Use the cheapest available model when *any* of these are true:

- Searching, reading, summarising files or docs.
- Single-file mechanical edits: rename, format, lint fix, dependency
bump, boilerplate, scaffolding from a known template.
- Generating tests for code that already works.
- Running builds, tests, linters, or other commands where the model
only needs to report success/failure.
- Routine commits, PR descriptions, changelog entries.
- The diff is essentially predictable before generation.

### Sub-agent routing (the `task` tool)

When delegating with the `task` tool, set `model:` explicitly. Do not
let sub-agents inherit a premium default for cheap work.

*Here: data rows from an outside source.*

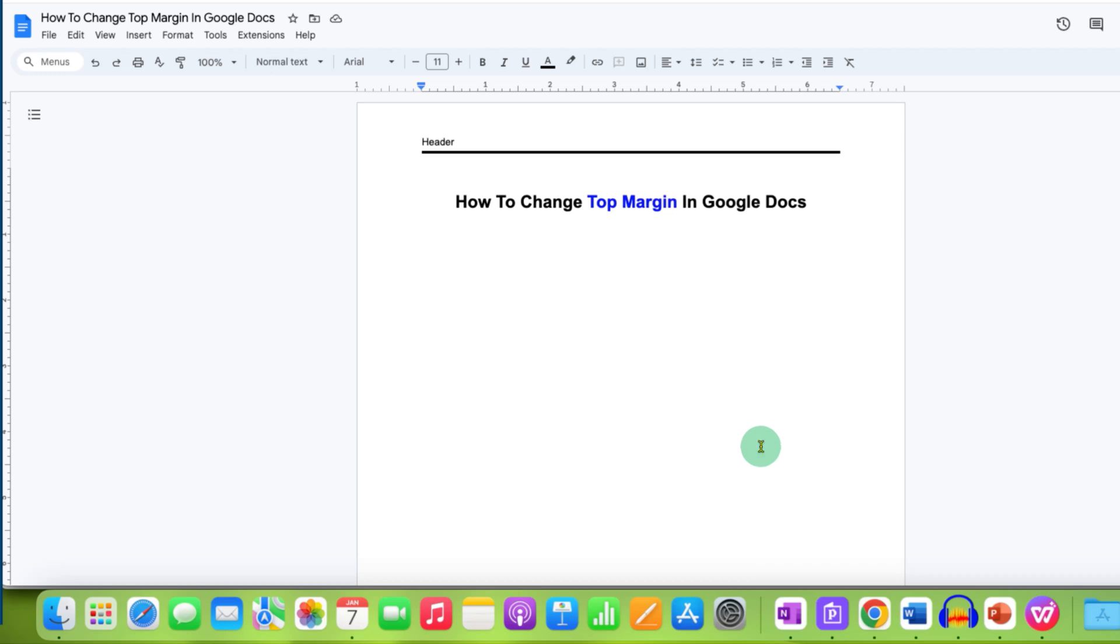In this video, you will see how to change top margin in Google Docs. It's very easy.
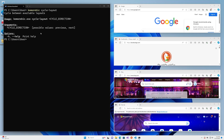This takes a single argument, either previous or next. And because it cycles, when you reach the end of the list of the available layouts, it'll cycle right back to the start. So maybe you only need to assign one of these, or maybe you prefer to assign both — it's up to you.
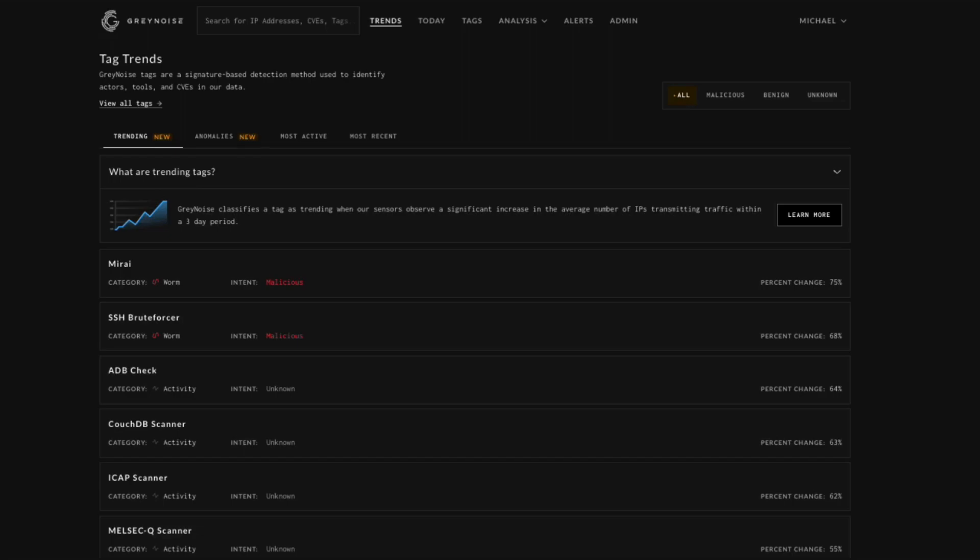This TAG Trends page provides the ability to view newer or interesting tags. This can give you a daily view to help prioritize which tags to investigate further if you're a CTI analyst or a threat hunter.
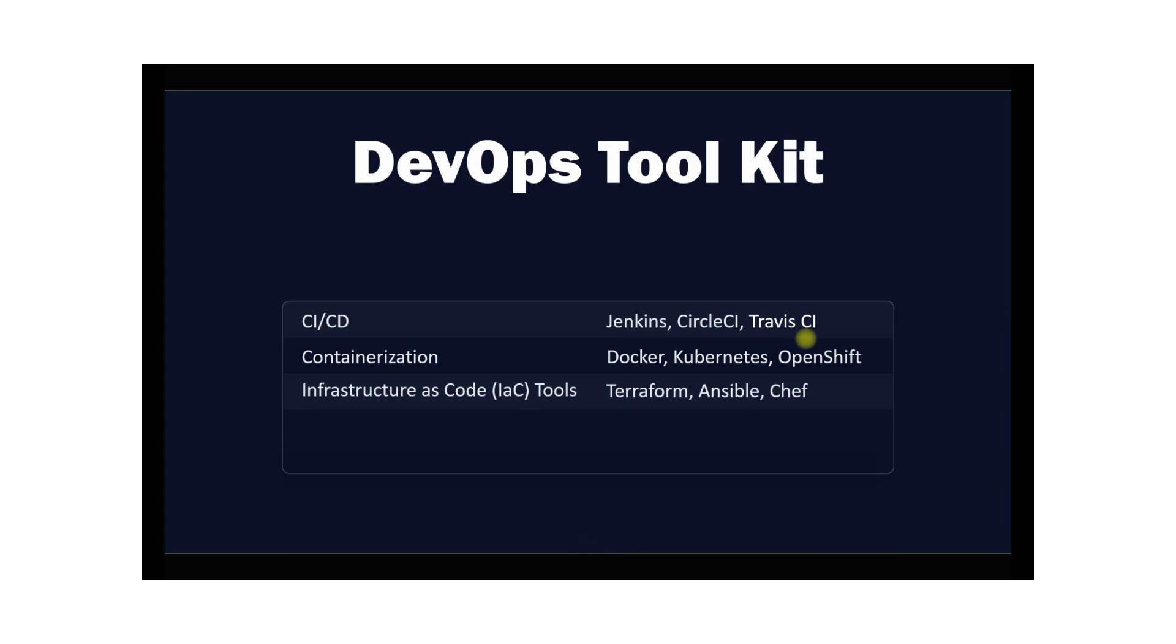The next set of tools is Infrastructure as Code. Infrastructure as Code is a type of configuration management tool which allows you to define your infrastructure in code. This means you can make templates of your infrastructure, which makes it easier to automate and manage your infrastructure provisioning.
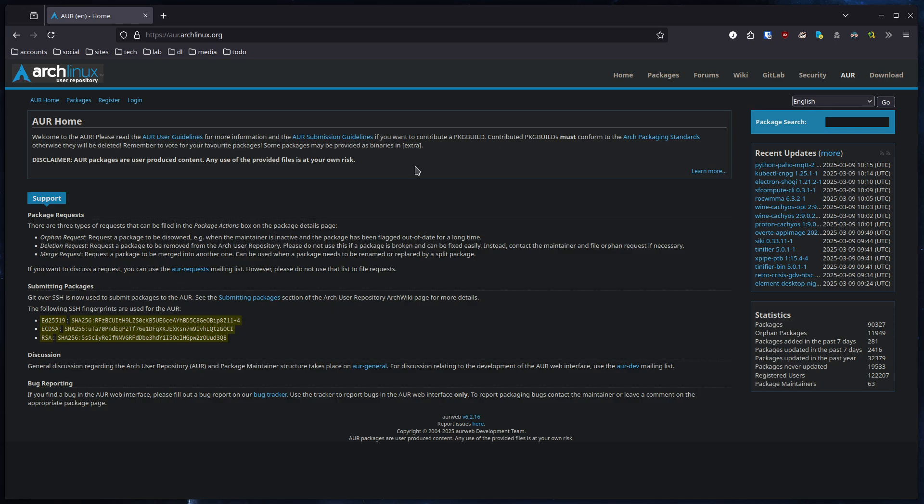So first of all, we want to install an AUR wrapper. An AUR wrapper is a helper program which makes it possible to install packages automatically from the AUR and also keep them updated. You can, of course, also search the AUR.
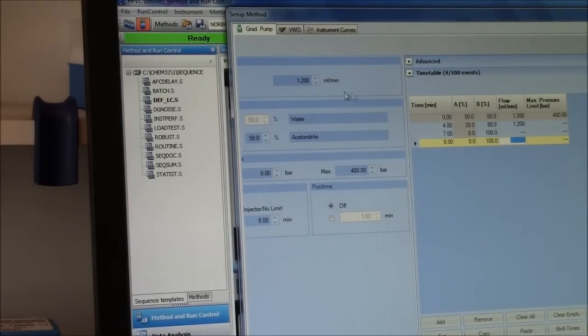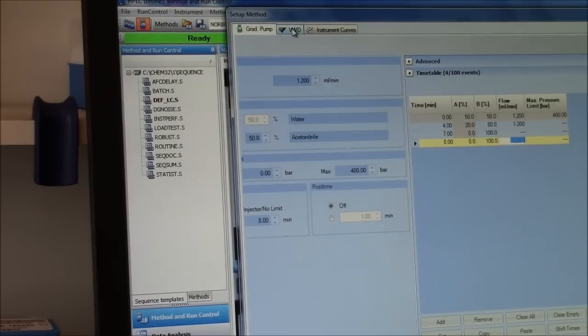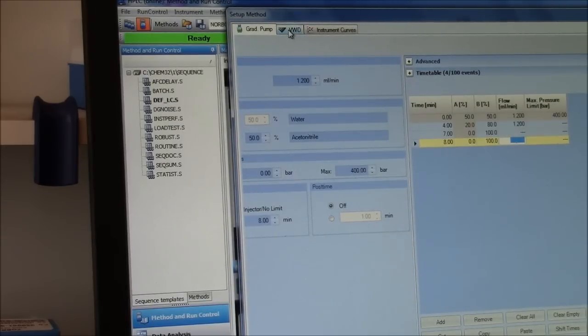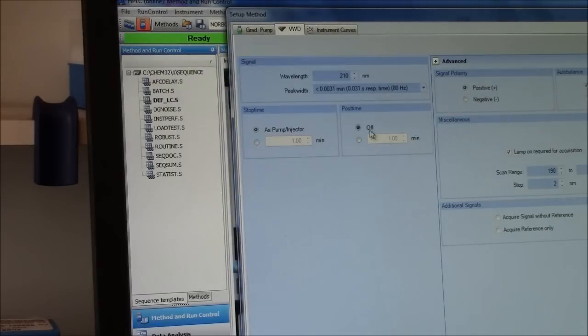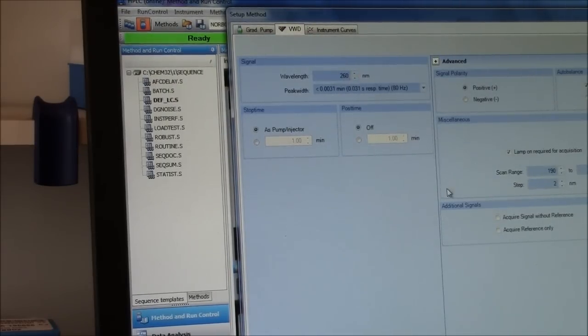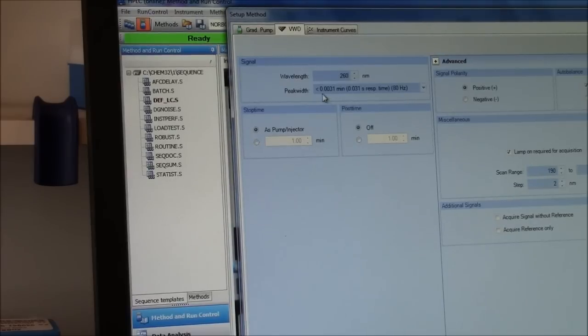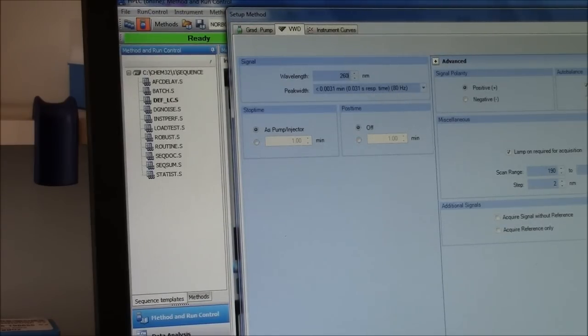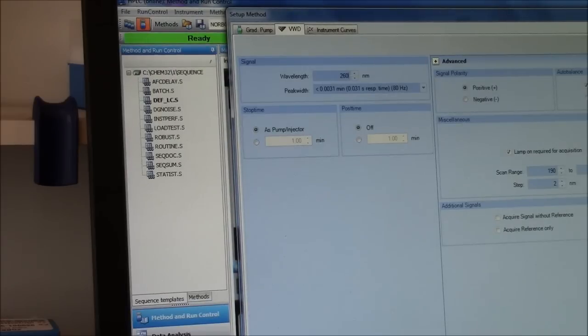Now, before I leave this, I will go to the next tab up here, which is VWD, Variable Wavelength Detector. I want to set my wavelength at 260 nanometers. The time interval is the fastest it can read, 80 hertz. That is 80 samples per second.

| Sub-agent type | Default model | Override to |
|-------------------|---------------------------|-------------------------------------------------|
| `explore` | cheap | keep cheap (`claude-haiku-4.5` or `gpt-5-mini`) |
| `task` (run cmd) | cheap | keep cheap |
| `research` | cheap for breadth | premium only for the final synthesis |
| `general-purpose` | match task | cheap for mechanical work; premium for design |
| `rubber-duck` | premium | keep premium — this is where reasoning pays off |
| `code-review` | premium on critical paths | cheap on cosmetic / mechanical diffs |

### `/fleet` (parallel sub-agents) rules

- Fleet mode multiplies cost by the fleet width. Apply the rules
above *per worker*, not in aggregate.
- Split a fleet job along complexity lines: route the cheap,
parallelisable workers (file edits, test runs, doc updates) to a
cheap model; reserve premium models for the small number of
workers that need real reasoning.
- If every worker in a fleet would need a premium model, the work is
probably not a good fit for fleet mode — reconsider the
decomposition before paying N× premium.

### Session hygiene

- Keep sessions short and focused. Long premium sessions are the
single largest source of waste because every turn re-processes the
full history.
- Use `/compact` when the conversation grows long, and `/new` for
unrelated work.
- Prefer `/ask` for one-off side questions so they don't extend the
main session.

### When in doubt

Ask: *"If a cheaper model produced the wrong answer here, would I
catch it in seconds (compiler, tests, my own review) or in
weeks (production incident)?"* If the former, use the cheap model
and let the feedback loop do its job.